In the short term, the dip in sales is evidence that some of the car owners who would have purchased new vehicles, and presumably sold or traded their existing vehicle, have decided not to or have simply not been able to buy a vehicle because of supply constraints.

So, they keep driving what they have.

Also, new drivers who may have otherwise purchased new have gone to the used market. In all these cases, older vehicles have stayed on the road, allowing aftermarket shops to retain those service customers, and probably gain a few new ones driving used cars.

It is hard to look at the new vehicle sales market, and even the strong used car market, and not see it as net positives building on net positives for the aftermarket.

And that’s what virtually every short- and near-term forecast predicts: a robust aftermarket ahead.

It’s hard to disagree. A big mover for the aftermarket is vehicles moving into their prime aftermarket years, generally taken to be 7 to 11 years old, though more and more that’s trending to older vehicles. Remember that 2017 record sales year? Those vehicles are poised to enter the sweet spot for the aftermarket soon. Again, good news for the aftermarket.

But with every wave comes a trough and in the longer term today’s sales shortfalls will affect the aftermarket as we see fewer vehicles entering the prime aftermarket service years.

Under normal circumstances it would be a fairly safe prediction that the aftermarket would see a drop in demand with fewer vehicles entering the prime aftermarket years while the “big wave” of vehicles was moving into the DIY sector.

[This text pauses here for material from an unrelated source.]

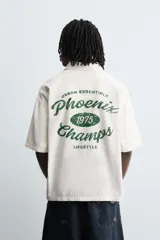 Camisa de algodón con estructura canvas, color rojo lavado, de corte relajado (relaxed fit) y manga corta. Posee cuello solapa, dos bolsillos de plastrón en el pecho y cierre frontal de botonadura. Presenta bordado y estampado de texto a contraste en el delantero.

But normal circumstances to not lie ahead. With a tightening of mandates on manufactures to sell more and more EVs and hybrids as a proportion of sales, it’s likely that a significant portion of the car parc will be retained longer than average. It is also likely that car buyers will pull forward their decisions on the eve of the tightest restrictions looming at the end of this decade and into 2035, which is a broadly being adopted as the deadline for manufacturers to make the move away for ICE-only vehicles.

And, if that comes to fruition, it would provide for another wave, or at least wavelet in the mid to second part of the next decade.

What this all means together is that over the next decade and a half we can expect a strong aftermarket, with a possible dip in middle or at least a flattening of growth, around 2030.

The danger here is that this might be mistakenly attributed to EV related trends, when it’s really a consequence of new car sales happening today.

The aftermarket has the great benefit of being able to see its future. You don’t need a crystal ball.

The aftermarket’s future is—positive and negative—largely the result of what is happening, or not happening, on the new car lots today.

And that’s as true at the local level as it is at regional and national scope. If your local dealers can’t get vehicles, or certain vehicles, to sell, those vehicles won’t be on the road for you to fix in years to come. It sounds obvious, but looking at what is selling will tell you just about everything you need to know about how you should be investing in your training, tools, and other resources for the continued success of your business.